The following commit(s) were added to refs/heads/main by this push:
     new 71fec4e661a [Providers/HTTP] Add adapter parameter to HttpHook to 
allow custom requests adapters (#44302)
71fec4e661a is described below

commit 71fec4e661ae4858dfe0f3797124c68b87aa13b2
Author: Jiao, Hsu <[email protected]>
AuthorDate: Tue Dec 3 18:44:17 2024 +0800

    [Providers/HTTP] Add adapter parameter to HttpHook to allow custom requests 
adapters (#44302)
    
    * feat(http-hook): add adapter parameter to HttpHook and enhance get_conn
    
    - Added `adapter` parameter to `HttpHook` to allow custom HTTP adapters.
    - Modified `get_conn` to support mounting custom adapters or using 
TCPKeepAliveAdapter by default.
    - Added comprehensive tests to validate the functionality of the `adapter` 
parameter and its integration with `get_conn`.
    - Ensured all new tests pass and maintain compatibility with existing 
functionality.
    
    * fix(http_hook): Update docstring and remove redundant TCPKeepAliveAdapter
    
    - Added missing `adapter` parameter description to the HttpHook class 
docstring.
    - Removed redundant instantiation of `TCPKeepAliveAdapter` in the `run` 
method since it's already instantiated in `get_conn`.
    
    * fix(http_hook): improve get_conn session setup and TCP adapter logic
    
    - Ensured proper mounting of TCP Keep-Alive adapter when enabled.
    - Improved handling of connection extras for cleaner session configuration.
    
    * feat(http): update get_conn logic and corresponding tests (#44302)
    
    Aligned the `get_conn` method with the adjustments specified in #44302,
    including refined handling of headers.
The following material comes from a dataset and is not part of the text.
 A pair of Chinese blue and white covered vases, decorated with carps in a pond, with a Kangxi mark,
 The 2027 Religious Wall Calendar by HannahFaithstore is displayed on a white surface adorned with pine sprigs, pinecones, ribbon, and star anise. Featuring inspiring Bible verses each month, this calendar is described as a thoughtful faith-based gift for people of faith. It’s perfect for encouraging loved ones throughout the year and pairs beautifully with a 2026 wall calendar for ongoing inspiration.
Optimized and updated test cases
    to ensure compatibility and maintain robust test coverage.
    
    * refactor(http_hook): simplify HttpHook by reverting BaseAdapter to 
HTTPAdapter
    
    - Changed the `adapter` parameter to accept only `HTTPAdapter` instead of 
`BaseAdapter`.
    - Strengthened `_set_base_url` validation to ensure base_url is constructed 
with stricter conditions.
    - Adjusted `_mount_adapters` to improve maintainability.
    
    * refactor(http_hook): simplify HttpHook by reverting BaseAdapter to 
HTTPAdapter
    
    - Changed the `adapter` parameter to accept only `HTTPAdapter` instead of 
`BaseAdapter`.
    - Strengthened `_set_base_url` validation to ensure base_url is constructed 
with stricter conditions.
    - Adjusted `_mount_adapters` to improve maintainability.
    
    * Merge: new main
    
    * refactor: improve function naming and add type annotations
    
    - Changed the function prefix from `_set` to `_configure_session_from` to 
enhance readability and better reflect its purpose.
    - Added static type annotations for input parameters and return values.
    - Included comments to document the design rationale following coding 
standards.
    - Improved error message: replaced generic text with detailed and 
actionable messages.
    
    * fix: simplify the change of session
    
    - Added a variable `session` after the change of session member
    
    * fix: Adjust response format.
    
    * fix: simplify the logic
    
    * fix(hook): ensure default HTTPAdapter in HttpHook init
    
    The `adapter` parameter in `HttpHook` was previously required to be 
explicitly
    set to an instance of `HTTPAdapter`. This commit modifies the `__init__`
    method to assign a default `HTTPAdapter` when no adapter is provided.
    
    Changes:
    - Removed type checks for `adapter`, as default initialization guarantees 
correctness.
    - Improved code readability and reduced potential runtime errors.
    
    No functional changes beyond defaulting `adapter` to `HTTPAdapter`.
    
    * feat(http_hook): add support for custom adapter in initialization
    
    Refactored `HttpHook` to support a custom `HTTPAdapter` through the 
`adapter` parameter. If no adapter is provided, it defaults to 
`TCPKeepAliveAdapter` when `tcp_keep_alive=True`.
    
    Test: Added `test_custom_adapter` to verify correct adapter mounting.
    
    * fix: CI image checks / Static checks
    
    - Adjust the length of each line of code.
    
    * fix: Adjust indent style
    
    - modify `assert instance` by PEP8
    
    * fix: ruff error about `from requests.adapters import HTTPAdapter`
    
    ---------
    
    Co-authored-by: jiao <[email protected]>
---
 providers/src/airflow/providers/http/hooks/http.py | 126 +++++++++++++--------
 providers/tests/http/hooks/test_http.py            |  16 ++-
 2 files changed, 95 insertions(+), 47 deletions(-)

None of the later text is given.